Abdul has developed a strange admiration for his abductors. He wishes to shape a hybrid history that waters down both the oppressors' actions as well as the natives' reactions. Once in the Isles, Abdul becomes enamored by colonization, and draws parallels to his own country's vivid ledger of creative borrowing.

This whimsical attitude of inclusion leads to one of the most unlikely friendships of all time. A simple glance upon her majesty, and a Hindu coin-bearer opens a door to cultural exchange that will influence the very architecture of the palace he was booked for an one night stay in.

Victoria has reached the down-slope of her storied lifespan. Every soul that she truly loved has vanished into sleep, and she is awfully tired. Once an ambitious and vicious ruler, now a pile of apathetic hunger. Napping between dishes, finally a sight crosses her plane of vision interesting enough to indulge in.
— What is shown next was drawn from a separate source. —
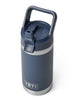 YETI Rambler 12oz Navy Bottle (Kids)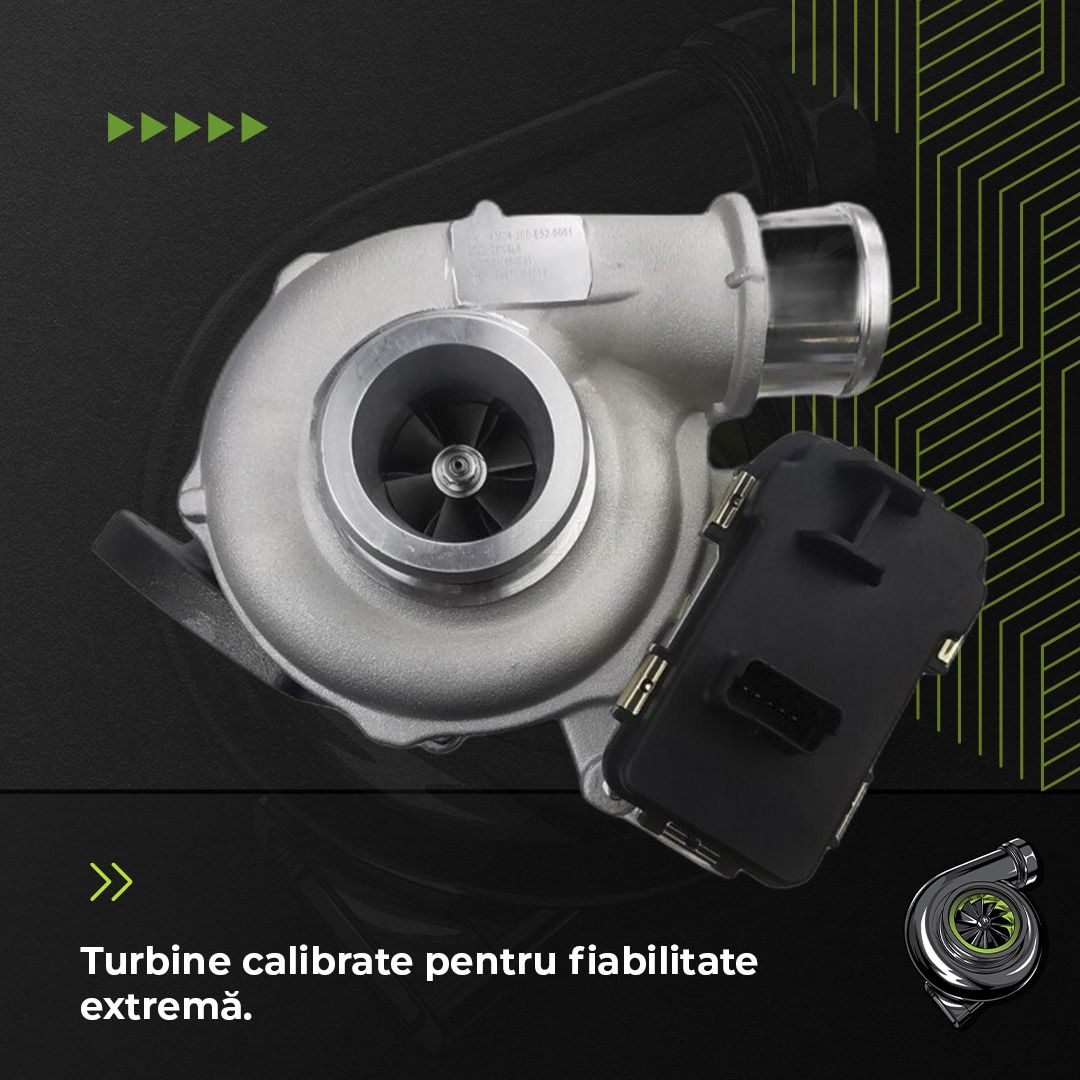 Turbina LAND ROVER FREELANDER 2 2.2 TD4 4x4 112 KW / 152 CP Noua - Image 6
The pair exchange language, food, and art at a ferocious rate. Class struggles dissipate on a daily basis, and the marginalized subcontinent holds the attention of the most powerful woman in the world. Their spokesperson is a dangerously optimistic Muslim whose boldness irritates everyone except the one who sits on the throne.
A delightful movie
I have to be honest that when I heard about this movie, I was not expecting much but after viewing it I was completely taken by surprise. It's a delightful movie where Queen Victoria befriends an Indian and an unlikely friendship begins to form between the two of them.

The chemistry between them is a joy to watch supported by two great performances by both actors especially by Judi Dench as the Queen who really shines above the rest of the other cast who do an excellent in their supporting roles.

The flow of movie is well paced with both comedic and drama moments balanced perfectly throughout the whole movie. Kudos also to both the costume and production design where the viewer is able to admire the beauty of art in their forms.

To conclude, I would recommend this movie to anyone who is interested in a good story that contains both dramatic and humorous moments in it. Word of advice : don't take the movie seriously and don't divulge too much historical facts to be able to enjoy it.
Decent depiction of a not well known episode in Queen Victoria's life
Went to see this title, as I was quite aware of a bit about the title, although many folks may not even be aware of the history of the British Empire and the reign of Empress Victoria. The makers have taken quite a few liberties, but overall the movie has been well made.

Judi Dench does a fantastic job of Queen Victoria and the entire UK court intrigue is well constructed and shown. Ali Fazal has also done a very creditable job playing the subservient agent of the empire.

The attitudes of both the British and their subjects has been correctly typed. Nice location shoots, the interactions between Abdul and the Queen did feel right.

If you are fan of historical depictions, recommended.
Brilliant - I haven't laughed so much during a film in ages.
I wanted to see a different film, and was a reluctant viewer, but I'm so glad I got to watch this. The cinema was mostly empty, other films such as The Kingsman were fully booked. I can understand why, the plot didn't appeal to me and the cast seemed uninspiring. Its anything but.

For the first hour or so, I was in tears of laughter and joy. Dame Judy Dench is as amazing as ever and seeing Eddie Izzard was a real treat, perfectly cast as the Queen's miserable son, but it was the actor who played Abdul, who brought the show to life. His relationship with Victoria wonderful and her rebirth from a dying queen a joy to watch. There's lots of political questions this film raises, such as racism, the class system, the British Empire, not to mention Old Age and how we help our Elders. The film doesn't deal with these directly and some of them are ignored all together, but then it doesn't need to. The relationship between Victoria and Abdul gives enough pause for thought, to see where the problems lay and the mistakes of our past.

Go watch it. You won't regret it and just maybe you'll get to see a film, the rarest of rare that touches the soul. Beautiful.